To: LindyBill who wrote (93423)1/3/2005 11:55:05 AM
From: LindyBill  Respond to of 793727
 
Tick, Tick, Tick, Tick

Thu Dec 30, 7:00 PM ET

Investors Business Daily

It 's been nearly 3 1/2 months since former U.S. Attorney General Dick Thornburgh and retired Associated Press chief executive Louis D. Boccardi were named to an independent panel to investigate the "60 Minutes" story that used forged documents to allege Bush shirked his duties when in the Texas Air National Guard in the 1960s and 1970s.

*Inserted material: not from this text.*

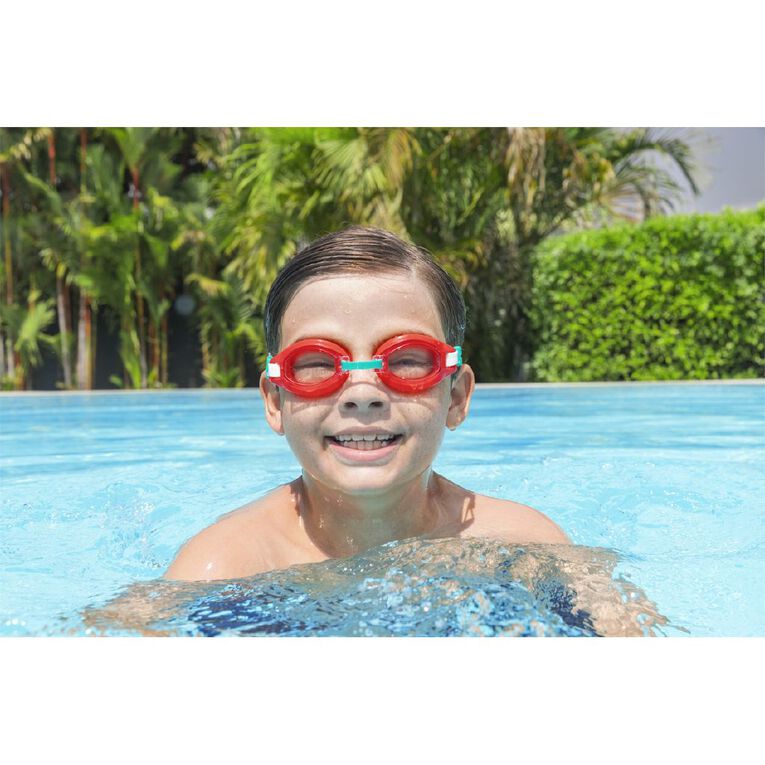 Bestway Aqua Burst Youth Goggles 7+, , hi-res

The panel was named Sept. 22, 14 days after the story aired and two days after Rather finally stopped denying that the documents were bogus and admitted the story was a mistake. The probe was supposed to get at how the story came to be.

In most newsrooms, that would take about 14 minutes, not 14 weeks, and those involved would by now have found new employment in the food-service or hospitality industry.

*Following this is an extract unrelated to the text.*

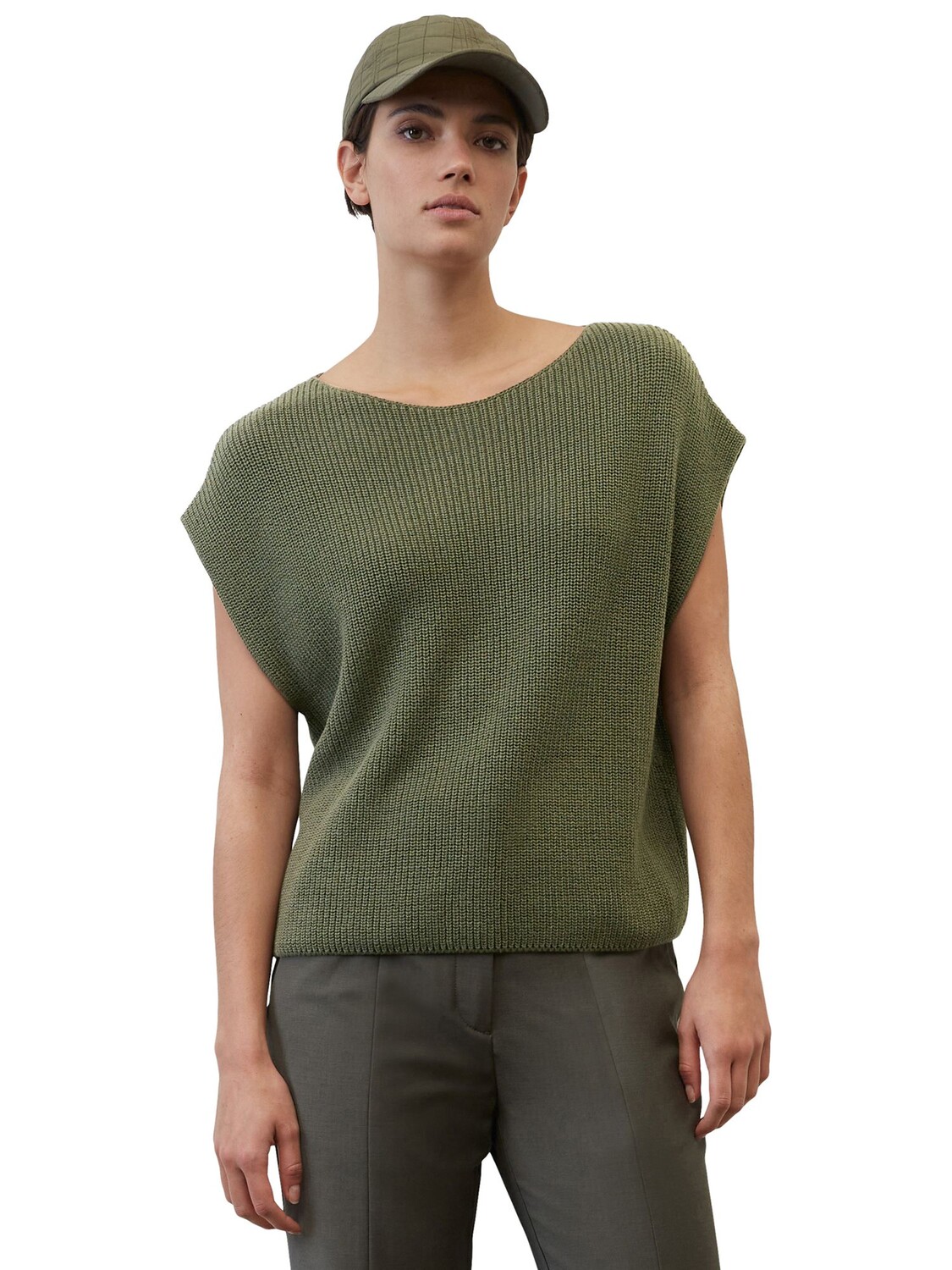 

Джемпер без рукавов Marc O'Polo, Wild Olive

This screw-up, however, must be really complicated. Indeed, Mary Mapes, the story's producer, reportedly delivered a "60-plus-page defense" of the piece to investigators -- as if that's a lot to pore over.

Or is it that CBS thinks last month's announcement that Rather would be stepping down as anchor of CBS Evening News has effectively taken Memogate off the public radar screen?

If so, it should think again. Yes, we realize that holding people responsible for their actions -- think Sandy Berger or George Tenet -- was passe in '04. But CBS' transgressions date back much further than one story or one year.

As we've often said, and as one of its own, Bernard Goldberg, has damningly laid out in two books, CBS' problem is deep-seated political bias. Any investigation that doesn't address that problem will be dismissed -- at least in this newsroom -- as no investigation at all.